- Key: E-flat major
- Catalogue: K. 268/365b/Anh.C. 14.04
- Movements: Three (Allegro moderato, Un poco Adagio, Rondo: Allegretto)
- Scoring: Violin; orchestra;

= Violin Concerto No. 6 (Mozart) =

Violin concerto in three movements by Johann Friedrich Eck, misattributed to Mozart

The so-called Violin Concerto No. 6 in E♭ major, K. 268/365b/Anh.C. 14.04, was once thought to have been composed by Wolfgang Amadeus Mozart, but is now considered to be the work of Johann Friedrich Eck (1767–1838).

== Structure ==
The concerto has the usual fast-slow-fast structure and lasts around 23 minutes. The movements are:

== Background ==
This violin concerto was first published by Johann André in 1799. A contemporary writer had stated the work to have been composed in 1784 and that it had been played to Eck by Mozart, although Mozart's widow Constanze stated that if authentic, the work must have been composed earlier. Ludwig von Köchel dated the work to 1776 in his catalogue, labelling it K. 268. A common hypothesis made in the later half of the 19th century was that the piece was based on authentic Mozart material but constructed by a less skilled composer. Cecil B. Oldman believed that the work had stylistic similarities to Mozart's sinfonia concertante for violin and viola, K. 364, and that Eck was the completer of the work, writing in a footnote to p. 1469 of The Letters of Mozart and his Family Volume III:

This is the Concerto in E♭ (K. 268), the authenticity of which has so often been debated. As Constanze herself mentions later in the course of this letter, it was first published (in 1799, as Op. 76) by André himself, or, at any rate, by his father, who was head of the firm till his death in June 1799. It was reviewed in the AMZ for October 1799 and curtly dismissed as an incompetent piece of work, which could not possibly be by Mozart. In January 1800 there appeared an answer to this review, in the course of a communication from F. A. Ernst (1745–1805), Konzertmeister to the King of Saxony. It is this to which Constanze here refers. On the strength of Ernst's testimony, which is far from unambiguous but clearly associates the work with Munich and with the Munich violinist Johann Friedrich Eck, the present writer has argued that in the form in which it now survives it represents Eck's working over of Mozartian material, and has suggested 1780–1781 as the date of its composition. See Music & Letters, April 1931, and cp. Köchel, pp. 435, 436.

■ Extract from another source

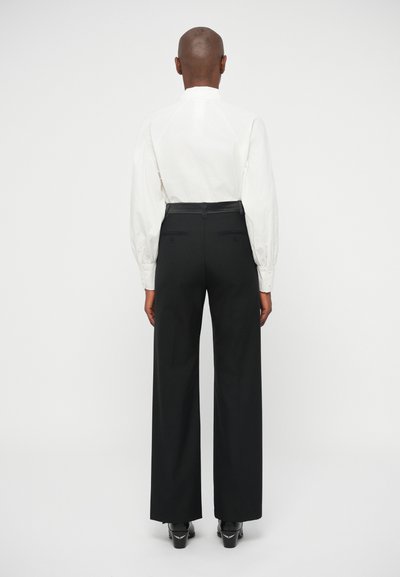 Valge pika varrukaga särk, millel on volangvarrukad, koos kõrge taljega mustade laiade pükstega. Sile kangas, minimalistik disain, nähtavad mustrid puuduvad.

Donald Francis Tovey in his Essays in Musical Analysis (Concertos) of 1936 commented, "The Concerto in E flat, which is the most frequently played, and purports to be the sixth, may be based on genuine material, but no competent musical scholar believes that it can possibly be genuine in the form in which it is known to us." However, since then, performances in the concert hall and on disc have become infrequent compared to the five authentic Mozart violin concertos.

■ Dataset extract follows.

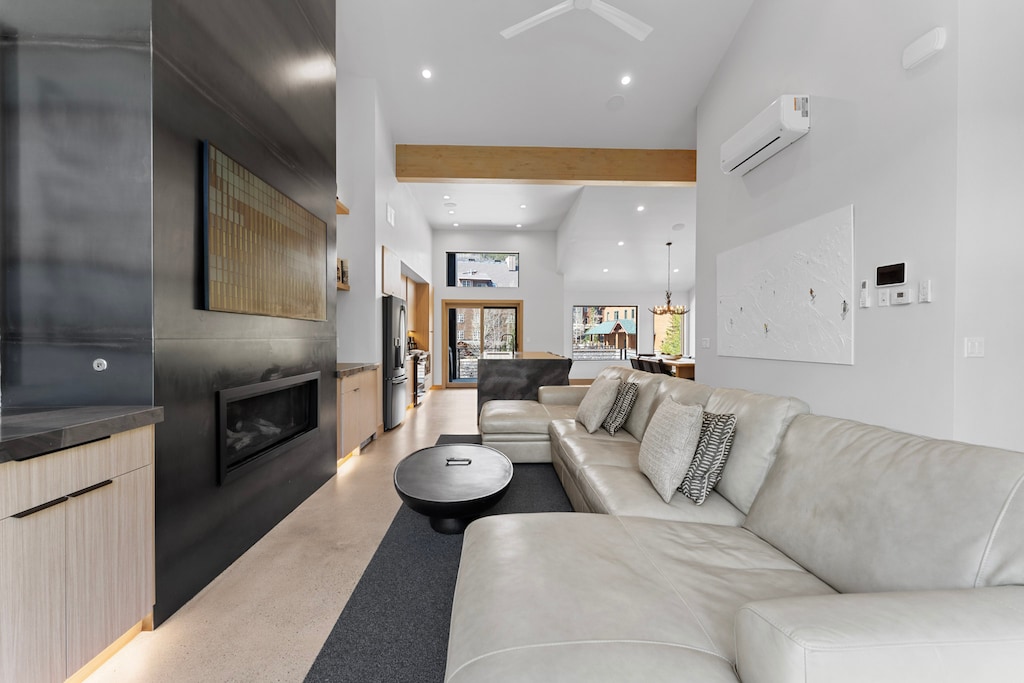 Open-concept living area featuring a mounted TV over a gas fireplace, balcony access, and dry bar with wine fridge.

Alfred Einstein dated the work to 1780 in his third edition of the Köchel catalogue, renumbering it as K. 365b. In a 1978 comparison of this concerto with several known Eck violin concertos, Walter Lebermann confirmed the work's probable attribution to Eck and gave a dating of before 1790. The 1980 sixth edition of the Köchel catalogue removed this concerto from the main catalogue and into the appendix for spurious and doubtful works as K. Anh.C 14.04, and the work is not included in the Neue Mozart-Ausgabe.